The Functional Republic
The logical conclusion of this transformation is what I call the Functional Republic. A political order in which legitimacy derives from what works, not who wins. In a Functional Republic, transparency becomes a patriotic duty rather than a talking point. Accountability is measured not by rhetoric but by results. Localism becomes the seedbed of national renewal, and civic participation replaced partisan posturing as the primary measure of democratic health.
The institutions that thrive will be those that can demonstrate competence in the face of complexity, and the leaders who endure will be those who can deliver measurable outcomes without hiding behind ideology.
The Functional Republic is not a rejection of America’s founding principles. It is their fulfillment. Thomas Jefferson and James Madison built a system that prized reasoned representation, deliberation, and the diffusion of power. What has corroded those ideals is not democracy itself but dysfunction.

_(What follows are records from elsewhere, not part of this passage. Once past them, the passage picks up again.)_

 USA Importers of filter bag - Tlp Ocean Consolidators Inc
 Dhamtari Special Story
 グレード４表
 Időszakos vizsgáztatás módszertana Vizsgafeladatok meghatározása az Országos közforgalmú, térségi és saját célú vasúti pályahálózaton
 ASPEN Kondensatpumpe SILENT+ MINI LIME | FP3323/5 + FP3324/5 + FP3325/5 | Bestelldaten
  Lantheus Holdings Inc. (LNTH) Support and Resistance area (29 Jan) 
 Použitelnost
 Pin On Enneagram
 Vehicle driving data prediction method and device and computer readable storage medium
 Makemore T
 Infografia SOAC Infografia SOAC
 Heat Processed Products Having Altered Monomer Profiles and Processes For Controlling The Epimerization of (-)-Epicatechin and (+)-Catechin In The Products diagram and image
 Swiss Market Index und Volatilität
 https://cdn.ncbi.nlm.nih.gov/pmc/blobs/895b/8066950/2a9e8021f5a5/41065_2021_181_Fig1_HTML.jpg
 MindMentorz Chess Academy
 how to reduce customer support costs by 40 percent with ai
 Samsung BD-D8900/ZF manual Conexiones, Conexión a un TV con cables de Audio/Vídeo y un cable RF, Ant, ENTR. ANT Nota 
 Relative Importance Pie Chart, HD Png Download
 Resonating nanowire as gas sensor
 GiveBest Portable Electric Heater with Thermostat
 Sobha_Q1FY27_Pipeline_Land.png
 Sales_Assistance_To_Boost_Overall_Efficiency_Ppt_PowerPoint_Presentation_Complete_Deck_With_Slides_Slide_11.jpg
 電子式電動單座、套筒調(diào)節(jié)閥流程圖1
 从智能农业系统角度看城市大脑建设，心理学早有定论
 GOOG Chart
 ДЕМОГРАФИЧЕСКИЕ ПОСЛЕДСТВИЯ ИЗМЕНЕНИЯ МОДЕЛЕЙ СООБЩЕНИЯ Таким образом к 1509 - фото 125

My theory proposes that democracy can be rebuilt not by doubling down on partisanship, but by re-establishing performance as the source of legitimacy.
The Next American Revolution Will Be Civic
If economic crises or moral awakenings drove the realignments of the past, this one is being driven by a crisis of function. Americans no longer trust the system to deliver the basic goods of self-government, such as justice, efficiency, fairness, and truth.
The old order cannot be reformed from within because it has become self-referential, sustained by conflict rather than resolution. The new order will not arise from a new ideology but from a rebirth of civic competence. It will come from citizens, entrepreneurs, educators, local officials, and independent leaders who build trust through results. It will come, in other words, from Function.
The Everidge Theory of Civic Realignment does not predict the end of American democracy. It predicts its reconstruction through proximity, performance, and purpose. The next American revolution will not be fought between Democrats and Republicans, despite how it might look today. It will be fought between those who believe in the functionality of the Republic and those who profit from its dysfunction. It will not be partisan. It will be civic.
“The Founders gave us representation. The future demands functionality.”